### Task statement:
Below is a listing. Write out exactly its lines between the one holding "Gold Fluid Abstract" and the one holding "Гальмівний диск пер.", inclusive.
== Records for this exercise ==
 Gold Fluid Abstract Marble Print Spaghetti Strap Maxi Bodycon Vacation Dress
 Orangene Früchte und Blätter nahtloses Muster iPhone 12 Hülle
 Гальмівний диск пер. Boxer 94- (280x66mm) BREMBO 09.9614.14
===
== Records for this exercise ==
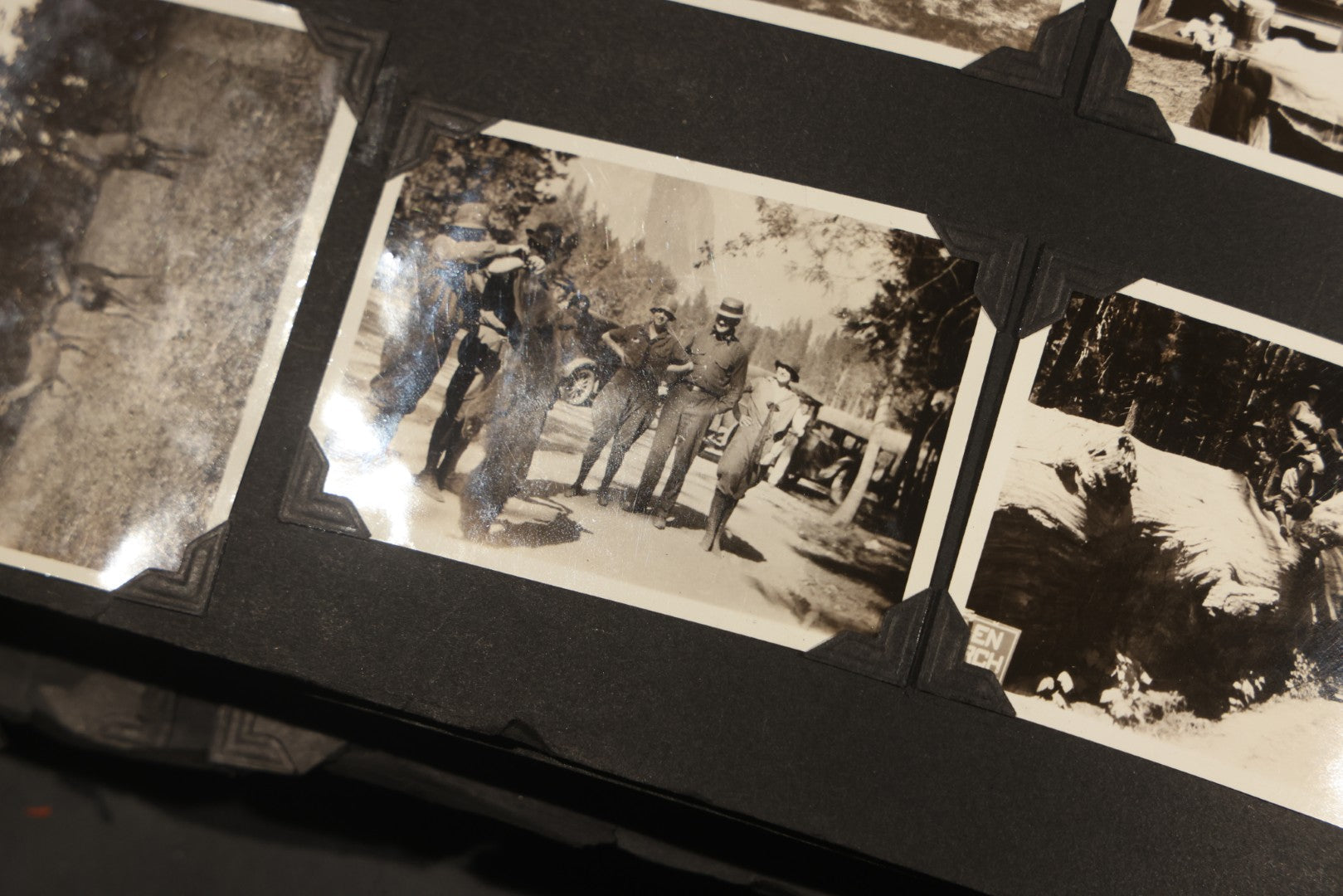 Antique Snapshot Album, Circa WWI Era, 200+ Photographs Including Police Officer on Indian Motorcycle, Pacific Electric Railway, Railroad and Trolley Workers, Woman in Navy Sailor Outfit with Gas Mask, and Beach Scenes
===
### Answer to this task:
 Gold Fluid Abstract Marble Print Spaghetti Strap Maxi Bodycon Vacation Dress
 Orangene Früchte und Blätter nahtloses Muster iPhone 12 Hülle
 Гальмівний диск пер. Boxer 94- (280x66mm) BREMBO 09.9614.14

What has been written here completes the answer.